The results were illuminating: If one person reported feeling lonely at one evaluation, his closest connections (either family or close friends) were 52% more likely to also report feeling lonely two years later. The effect was strongest among those in close relationships, waning as the connections became more distant, but remained significant up to three degrees of separation — in other words, one lonely person could influence whether his friend's friend's friend felt lonely. "Loneliness has been conceived in the past as depression, introversion, shyness or poor social skills," says Cacioppo. "Those turn out not to be right. Research we and others have done suggests that it really is a fundamental human motivational state very much like hunger, thirst or pain."

In other words, loneliness is not so much a symptom of being companionless as it is a driving force behind social isolation. Rather than simply reflecting the emotional state of one person, Cacioppo says, loneliness is more like an indicator of the social health of our species on the whole — a temperature reading, if you will, of how well- or not so well-integrated we are as a population.

That's an important measure, he says, because we are, by nature, a social species; we feed off our interactions with one another and thrive when we are inspired, challenged and supported by one another. While occasional feelings of isolation are perfectly natural and normal, the new study suggests that loneliness can begin to fester in a society like a cancer if it is allowed to transmit unchecked from one person to another.
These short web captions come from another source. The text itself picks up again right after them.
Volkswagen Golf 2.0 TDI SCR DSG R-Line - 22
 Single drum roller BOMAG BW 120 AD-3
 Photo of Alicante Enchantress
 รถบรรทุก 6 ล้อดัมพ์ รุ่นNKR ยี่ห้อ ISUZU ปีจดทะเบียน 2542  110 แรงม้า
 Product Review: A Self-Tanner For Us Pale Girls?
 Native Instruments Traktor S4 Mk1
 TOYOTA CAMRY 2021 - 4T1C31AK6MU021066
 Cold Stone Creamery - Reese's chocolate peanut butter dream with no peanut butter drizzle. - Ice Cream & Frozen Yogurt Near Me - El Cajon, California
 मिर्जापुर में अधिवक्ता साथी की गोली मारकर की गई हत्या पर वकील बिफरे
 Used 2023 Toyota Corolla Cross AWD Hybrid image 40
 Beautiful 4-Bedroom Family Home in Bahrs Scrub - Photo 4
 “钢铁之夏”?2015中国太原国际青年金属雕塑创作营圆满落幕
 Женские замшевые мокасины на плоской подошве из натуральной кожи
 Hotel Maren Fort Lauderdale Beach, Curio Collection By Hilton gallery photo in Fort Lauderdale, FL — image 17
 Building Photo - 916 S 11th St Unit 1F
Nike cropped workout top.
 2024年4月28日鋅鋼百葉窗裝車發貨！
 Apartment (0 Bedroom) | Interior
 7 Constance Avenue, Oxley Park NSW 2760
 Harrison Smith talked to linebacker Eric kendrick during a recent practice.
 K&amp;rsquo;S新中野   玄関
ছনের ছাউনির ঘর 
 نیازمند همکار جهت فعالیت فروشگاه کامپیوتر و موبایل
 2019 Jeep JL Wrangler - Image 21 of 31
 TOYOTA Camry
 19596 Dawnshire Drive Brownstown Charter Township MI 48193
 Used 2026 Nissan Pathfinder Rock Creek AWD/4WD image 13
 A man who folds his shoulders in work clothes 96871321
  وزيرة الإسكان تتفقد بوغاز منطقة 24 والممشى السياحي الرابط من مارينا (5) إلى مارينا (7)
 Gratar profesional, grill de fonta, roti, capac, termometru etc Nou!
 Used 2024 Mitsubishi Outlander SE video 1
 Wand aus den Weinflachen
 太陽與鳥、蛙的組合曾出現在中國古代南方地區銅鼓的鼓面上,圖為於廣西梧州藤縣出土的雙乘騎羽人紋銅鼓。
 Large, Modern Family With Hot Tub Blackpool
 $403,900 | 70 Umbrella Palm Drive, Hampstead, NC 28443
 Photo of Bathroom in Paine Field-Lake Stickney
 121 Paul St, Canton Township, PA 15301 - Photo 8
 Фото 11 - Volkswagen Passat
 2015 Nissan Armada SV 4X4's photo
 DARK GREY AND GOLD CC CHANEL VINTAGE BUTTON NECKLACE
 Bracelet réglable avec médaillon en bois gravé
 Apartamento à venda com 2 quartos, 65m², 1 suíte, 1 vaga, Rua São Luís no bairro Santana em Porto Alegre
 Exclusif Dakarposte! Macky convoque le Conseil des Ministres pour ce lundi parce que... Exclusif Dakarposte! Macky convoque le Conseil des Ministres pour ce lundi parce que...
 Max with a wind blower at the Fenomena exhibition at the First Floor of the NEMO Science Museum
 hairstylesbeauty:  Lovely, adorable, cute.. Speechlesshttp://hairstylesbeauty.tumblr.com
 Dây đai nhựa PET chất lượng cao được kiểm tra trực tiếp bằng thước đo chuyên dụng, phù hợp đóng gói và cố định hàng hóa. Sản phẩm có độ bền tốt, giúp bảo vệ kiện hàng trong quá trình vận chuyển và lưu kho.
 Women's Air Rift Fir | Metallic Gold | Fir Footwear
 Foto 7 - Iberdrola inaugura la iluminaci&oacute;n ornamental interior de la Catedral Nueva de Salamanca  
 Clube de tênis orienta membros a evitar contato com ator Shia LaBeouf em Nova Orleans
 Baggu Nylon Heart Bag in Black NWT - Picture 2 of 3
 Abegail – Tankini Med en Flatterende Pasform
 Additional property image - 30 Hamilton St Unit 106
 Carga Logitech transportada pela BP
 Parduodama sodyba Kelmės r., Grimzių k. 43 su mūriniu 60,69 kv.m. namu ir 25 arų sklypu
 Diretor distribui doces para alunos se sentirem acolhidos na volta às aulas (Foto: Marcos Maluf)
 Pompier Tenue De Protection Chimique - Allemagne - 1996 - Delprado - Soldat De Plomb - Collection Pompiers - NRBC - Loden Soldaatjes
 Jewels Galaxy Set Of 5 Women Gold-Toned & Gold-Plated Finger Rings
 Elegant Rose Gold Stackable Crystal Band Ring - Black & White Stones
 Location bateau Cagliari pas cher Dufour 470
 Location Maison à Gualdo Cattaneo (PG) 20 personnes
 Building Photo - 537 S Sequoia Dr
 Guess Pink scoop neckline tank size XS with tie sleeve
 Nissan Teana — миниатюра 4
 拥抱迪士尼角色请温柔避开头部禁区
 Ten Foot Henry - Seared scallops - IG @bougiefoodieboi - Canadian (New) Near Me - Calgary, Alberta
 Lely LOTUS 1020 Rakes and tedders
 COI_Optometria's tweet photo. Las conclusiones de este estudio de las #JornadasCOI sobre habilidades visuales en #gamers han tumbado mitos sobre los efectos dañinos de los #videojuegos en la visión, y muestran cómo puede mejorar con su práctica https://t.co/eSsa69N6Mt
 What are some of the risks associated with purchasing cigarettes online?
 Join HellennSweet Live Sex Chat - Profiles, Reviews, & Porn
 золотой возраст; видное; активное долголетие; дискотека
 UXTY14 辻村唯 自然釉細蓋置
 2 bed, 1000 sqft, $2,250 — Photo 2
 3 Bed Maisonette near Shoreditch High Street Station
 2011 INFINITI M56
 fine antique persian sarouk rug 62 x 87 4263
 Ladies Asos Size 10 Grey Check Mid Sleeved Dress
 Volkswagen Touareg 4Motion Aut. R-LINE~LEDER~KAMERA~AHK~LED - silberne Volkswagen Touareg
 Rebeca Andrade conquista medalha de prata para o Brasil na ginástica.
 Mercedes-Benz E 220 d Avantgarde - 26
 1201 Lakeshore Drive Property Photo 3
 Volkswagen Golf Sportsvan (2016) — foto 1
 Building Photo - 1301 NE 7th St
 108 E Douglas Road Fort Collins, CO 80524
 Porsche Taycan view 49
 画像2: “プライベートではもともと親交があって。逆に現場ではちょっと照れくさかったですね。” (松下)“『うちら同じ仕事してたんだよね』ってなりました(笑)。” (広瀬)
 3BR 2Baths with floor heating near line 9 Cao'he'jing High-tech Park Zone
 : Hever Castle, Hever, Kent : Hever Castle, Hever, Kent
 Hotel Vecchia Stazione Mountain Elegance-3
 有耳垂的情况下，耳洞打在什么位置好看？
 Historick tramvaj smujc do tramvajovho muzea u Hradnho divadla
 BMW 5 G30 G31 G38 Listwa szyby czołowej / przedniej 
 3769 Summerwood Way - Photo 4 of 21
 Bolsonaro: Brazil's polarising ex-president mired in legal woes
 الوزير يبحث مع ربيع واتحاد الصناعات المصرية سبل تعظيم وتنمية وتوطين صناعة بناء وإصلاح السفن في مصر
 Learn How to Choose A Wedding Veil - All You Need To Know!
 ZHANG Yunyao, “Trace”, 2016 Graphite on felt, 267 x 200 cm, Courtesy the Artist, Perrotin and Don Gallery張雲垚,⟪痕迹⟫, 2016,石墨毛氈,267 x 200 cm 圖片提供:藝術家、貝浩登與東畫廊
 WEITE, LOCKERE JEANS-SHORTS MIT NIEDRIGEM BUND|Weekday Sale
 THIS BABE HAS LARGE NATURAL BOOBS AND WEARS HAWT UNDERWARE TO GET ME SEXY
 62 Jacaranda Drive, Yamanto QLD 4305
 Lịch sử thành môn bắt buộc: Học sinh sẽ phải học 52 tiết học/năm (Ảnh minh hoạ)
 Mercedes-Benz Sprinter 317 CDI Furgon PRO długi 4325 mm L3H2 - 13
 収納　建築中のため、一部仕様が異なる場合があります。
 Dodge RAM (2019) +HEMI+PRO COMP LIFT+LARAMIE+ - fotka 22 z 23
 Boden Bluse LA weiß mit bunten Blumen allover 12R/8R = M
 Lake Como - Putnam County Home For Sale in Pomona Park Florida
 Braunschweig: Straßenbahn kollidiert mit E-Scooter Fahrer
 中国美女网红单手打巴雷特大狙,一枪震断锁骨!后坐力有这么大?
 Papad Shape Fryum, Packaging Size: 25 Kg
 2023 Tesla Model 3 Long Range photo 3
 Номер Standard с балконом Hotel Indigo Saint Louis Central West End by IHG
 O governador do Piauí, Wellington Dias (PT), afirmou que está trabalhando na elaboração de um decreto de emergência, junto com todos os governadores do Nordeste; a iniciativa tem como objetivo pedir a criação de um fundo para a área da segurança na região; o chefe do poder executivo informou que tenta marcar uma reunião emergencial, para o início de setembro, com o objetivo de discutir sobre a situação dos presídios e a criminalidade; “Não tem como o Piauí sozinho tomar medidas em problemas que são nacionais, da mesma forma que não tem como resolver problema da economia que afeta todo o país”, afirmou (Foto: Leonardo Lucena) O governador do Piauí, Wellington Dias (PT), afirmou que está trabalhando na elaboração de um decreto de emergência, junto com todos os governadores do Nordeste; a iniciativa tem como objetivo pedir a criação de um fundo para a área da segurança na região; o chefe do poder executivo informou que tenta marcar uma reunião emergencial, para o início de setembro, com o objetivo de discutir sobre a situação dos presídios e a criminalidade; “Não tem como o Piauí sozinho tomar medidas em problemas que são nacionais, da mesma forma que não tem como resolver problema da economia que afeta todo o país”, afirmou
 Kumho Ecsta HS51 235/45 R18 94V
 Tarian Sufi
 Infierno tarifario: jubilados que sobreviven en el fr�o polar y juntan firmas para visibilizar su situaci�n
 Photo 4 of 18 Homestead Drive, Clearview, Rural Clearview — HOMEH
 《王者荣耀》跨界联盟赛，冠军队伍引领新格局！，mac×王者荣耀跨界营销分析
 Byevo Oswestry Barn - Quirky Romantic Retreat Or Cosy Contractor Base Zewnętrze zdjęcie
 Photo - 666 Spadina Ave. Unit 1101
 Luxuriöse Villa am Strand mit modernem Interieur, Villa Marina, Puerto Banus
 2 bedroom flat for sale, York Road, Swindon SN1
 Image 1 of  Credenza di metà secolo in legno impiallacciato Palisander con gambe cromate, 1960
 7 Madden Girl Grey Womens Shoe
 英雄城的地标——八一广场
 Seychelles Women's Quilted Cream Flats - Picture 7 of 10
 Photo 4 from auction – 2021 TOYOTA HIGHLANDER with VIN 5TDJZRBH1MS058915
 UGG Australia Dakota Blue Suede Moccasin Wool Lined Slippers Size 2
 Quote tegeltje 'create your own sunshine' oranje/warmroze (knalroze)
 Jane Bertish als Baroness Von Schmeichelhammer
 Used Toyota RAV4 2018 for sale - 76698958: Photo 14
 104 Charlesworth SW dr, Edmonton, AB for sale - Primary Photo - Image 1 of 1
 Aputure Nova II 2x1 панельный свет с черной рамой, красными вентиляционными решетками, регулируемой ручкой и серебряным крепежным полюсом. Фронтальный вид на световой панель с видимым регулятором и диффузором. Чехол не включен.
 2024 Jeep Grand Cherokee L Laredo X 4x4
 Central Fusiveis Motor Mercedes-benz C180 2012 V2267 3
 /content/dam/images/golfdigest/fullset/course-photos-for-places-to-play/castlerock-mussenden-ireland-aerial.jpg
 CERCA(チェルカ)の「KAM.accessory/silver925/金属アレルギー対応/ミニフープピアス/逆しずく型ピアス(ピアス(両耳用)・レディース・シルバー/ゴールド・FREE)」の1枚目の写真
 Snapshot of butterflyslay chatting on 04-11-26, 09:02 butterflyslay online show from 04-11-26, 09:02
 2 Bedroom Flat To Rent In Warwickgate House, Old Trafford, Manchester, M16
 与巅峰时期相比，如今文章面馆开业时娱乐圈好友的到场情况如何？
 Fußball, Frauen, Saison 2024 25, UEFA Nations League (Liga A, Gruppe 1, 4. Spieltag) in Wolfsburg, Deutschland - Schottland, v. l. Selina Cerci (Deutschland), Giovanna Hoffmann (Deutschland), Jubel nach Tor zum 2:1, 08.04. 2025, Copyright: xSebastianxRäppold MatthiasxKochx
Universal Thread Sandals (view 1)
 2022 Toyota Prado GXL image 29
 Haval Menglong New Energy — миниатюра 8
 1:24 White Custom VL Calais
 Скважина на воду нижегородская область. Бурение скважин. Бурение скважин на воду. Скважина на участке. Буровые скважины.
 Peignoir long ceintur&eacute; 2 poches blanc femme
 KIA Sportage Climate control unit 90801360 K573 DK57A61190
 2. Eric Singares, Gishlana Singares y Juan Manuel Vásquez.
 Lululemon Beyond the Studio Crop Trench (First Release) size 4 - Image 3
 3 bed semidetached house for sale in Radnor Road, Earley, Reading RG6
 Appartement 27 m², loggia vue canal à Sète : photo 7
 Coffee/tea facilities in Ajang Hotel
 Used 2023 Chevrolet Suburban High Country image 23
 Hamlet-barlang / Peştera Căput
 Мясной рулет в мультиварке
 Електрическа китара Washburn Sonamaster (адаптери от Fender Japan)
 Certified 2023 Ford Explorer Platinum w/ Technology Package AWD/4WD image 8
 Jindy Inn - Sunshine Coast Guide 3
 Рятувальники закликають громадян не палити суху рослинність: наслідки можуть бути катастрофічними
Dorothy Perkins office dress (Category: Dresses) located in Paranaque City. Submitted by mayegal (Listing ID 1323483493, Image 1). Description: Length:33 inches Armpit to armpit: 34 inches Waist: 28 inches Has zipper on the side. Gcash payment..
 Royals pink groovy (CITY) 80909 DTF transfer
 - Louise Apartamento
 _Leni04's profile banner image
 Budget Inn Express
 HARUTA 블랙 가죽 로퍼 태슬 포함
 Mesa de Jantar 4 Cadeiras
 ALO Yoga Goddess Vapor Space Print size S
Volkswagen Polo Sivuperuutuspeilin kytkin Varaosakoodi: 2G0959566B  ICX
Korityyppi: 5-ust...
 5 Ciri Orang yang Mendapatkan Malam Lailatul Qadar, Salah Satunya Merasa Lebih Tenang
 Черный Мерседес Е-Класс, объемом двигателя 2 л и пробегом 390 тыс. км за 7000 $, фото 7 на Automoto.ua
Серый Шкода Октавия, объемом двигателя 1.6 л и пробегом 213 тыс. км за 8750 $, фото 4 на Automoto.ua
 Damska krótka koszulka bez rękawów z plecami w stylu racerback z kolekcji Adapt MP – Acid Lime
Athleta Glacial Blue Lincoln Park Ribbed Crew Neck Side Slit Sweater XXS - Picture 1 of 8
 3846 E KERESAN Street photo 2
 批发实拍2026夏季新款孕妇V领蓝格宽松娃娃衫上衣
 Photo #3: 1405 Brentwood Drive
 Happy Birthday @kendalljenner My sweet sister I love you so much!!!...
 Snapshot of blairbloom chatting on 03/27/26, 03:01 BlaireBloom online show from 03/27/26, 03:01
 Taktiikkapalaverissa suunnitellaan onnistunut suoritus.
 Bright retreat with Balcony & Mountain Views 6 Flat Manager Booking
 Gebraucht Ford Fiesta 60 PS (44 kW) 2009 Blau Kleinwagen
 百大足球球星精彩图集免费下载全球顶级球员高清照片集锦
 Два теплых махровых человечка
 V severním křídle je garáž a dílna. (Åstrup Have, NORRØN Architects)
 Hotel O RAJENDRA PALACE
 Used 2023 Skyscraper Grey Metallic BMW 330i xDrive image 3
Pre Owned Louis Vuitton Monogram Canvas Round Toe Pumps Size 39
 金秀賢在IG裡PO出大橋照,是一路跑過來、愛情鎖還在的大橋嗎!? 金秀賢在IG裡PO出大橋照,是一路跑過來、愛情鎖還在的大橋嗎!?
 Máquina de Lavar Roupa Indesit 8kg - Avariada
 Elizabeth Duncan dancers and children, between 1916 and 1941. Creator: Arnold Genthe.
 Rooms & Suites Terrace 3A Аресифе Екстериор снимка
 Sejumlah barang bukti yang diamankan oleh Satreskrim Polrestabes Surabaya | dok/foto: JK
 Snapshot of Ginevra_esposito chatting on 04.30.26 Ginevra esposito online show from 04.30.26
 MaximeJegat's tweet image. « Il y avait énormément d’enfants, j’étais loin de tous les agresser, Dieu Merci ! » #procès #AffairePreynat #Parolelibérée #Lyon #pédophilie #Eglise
But how does a person "catch" loneliness? Based on the new data, Cacioppo theorizes that it is passed on through feelings of mistrust and negativity. "People who feel lonely view the social world as more threatening," he says. "They may not be aware they are doing it, but lonely individuals think negatively about other people. So if you are my friend, and I started to treat you negatively, then over time, we would stop being friends. But in the meantime, our interactions caused you to treat other people less positively, so you're likely to lose friends, and they in turn are likely to lose friends. That appears to be the means of transmission for loneliness." People may be spreading their negative feelings simply by frowning or making other unpleasant facial expressions, making hurtful remarks or even adopting uninviting body postures.

Over time, lonely people find themselves banished to the periphery of their social networks; as they lose friends and connections, they are pushed to the fringes, where they are only marginally connected to the community. Viewed that way, say experts, the loneliness factor in a neighborhood or an apartment complex or a workplace may be an indication of how cohesive, and therefore mentally healthy, that population is. "Loneliness can be a signal for when that social connection is fraying," says Cacioppo.

If these results hold up, treating loneliness should involve more than individual therapy for patients. It requires addressing larger, society-based issues. "People are not going to realize that there is almost a wave of loneliness that is being propagated by people two or three connections removed from them," says Dr. Richard Suzman, director of the division of behavioral and social research at the National Institute on Aging, which funded the study. "This does suggest that one has got to look at both the network and individual simultaneously when you try to repair what seems to be a cascading, spiraling descent in which loneliness gets increasingly paired with isolation."

That strategy may mean looking at things such as community design or social-support networks that allow some populations to keep all their members hovering near the center of their networks, rather than drifting to the edges. It's not necessarily the number of connections people have that matters but the quality of them. Communities that encourage regular interaction among its members, either through regular gatherings or mutually beneficial projects that require everyone's input, for example, are more likely to foster stronger, more meaningful connections than those that don't encourage social investment. "Ultimately, what we hope to do is not only intervene at the individual level, but also at the city planner and development level as well," says Cacioppo.